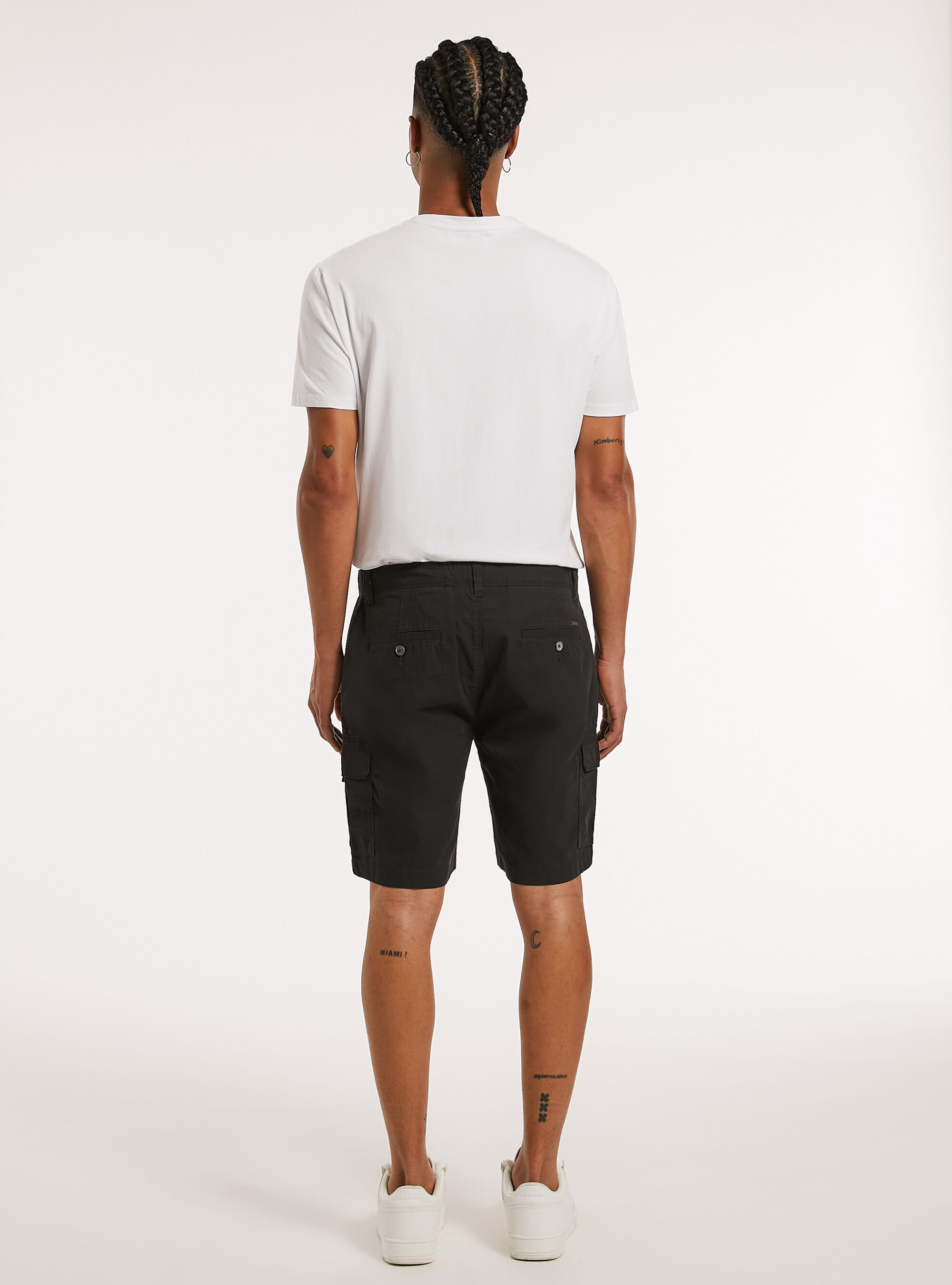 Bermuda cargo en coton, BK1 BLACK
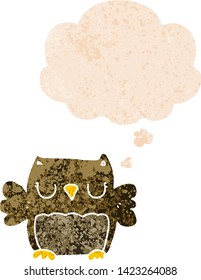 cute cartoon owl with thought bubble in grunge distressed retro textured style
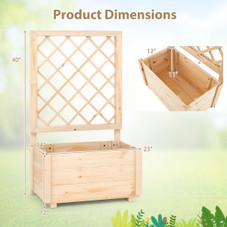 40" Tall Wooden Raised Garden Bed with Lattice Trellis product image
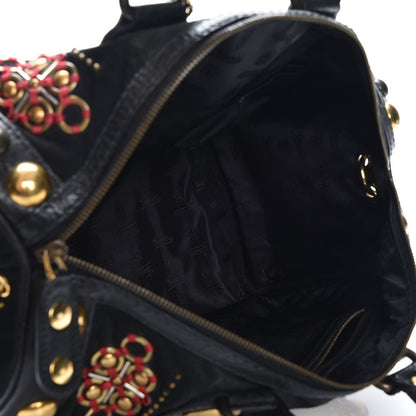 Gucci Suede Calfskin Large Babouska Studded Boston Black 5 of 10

**WORK INSTRUCTIONS:** Write every line of the data out again exactly, leaving out all images.

**SOLUTION FOR THIS TASK:**
 Bermuda cargo en coton, BK1 BLACK
 cute cartoon owl with thought bubble in grunge distressed retro textured style
 40" Tall Wooden Raised Garden Bed with Lattice Trellis product image
 Gucci Suede Calfskin Large Babouska Studded Boston Black 5 of 10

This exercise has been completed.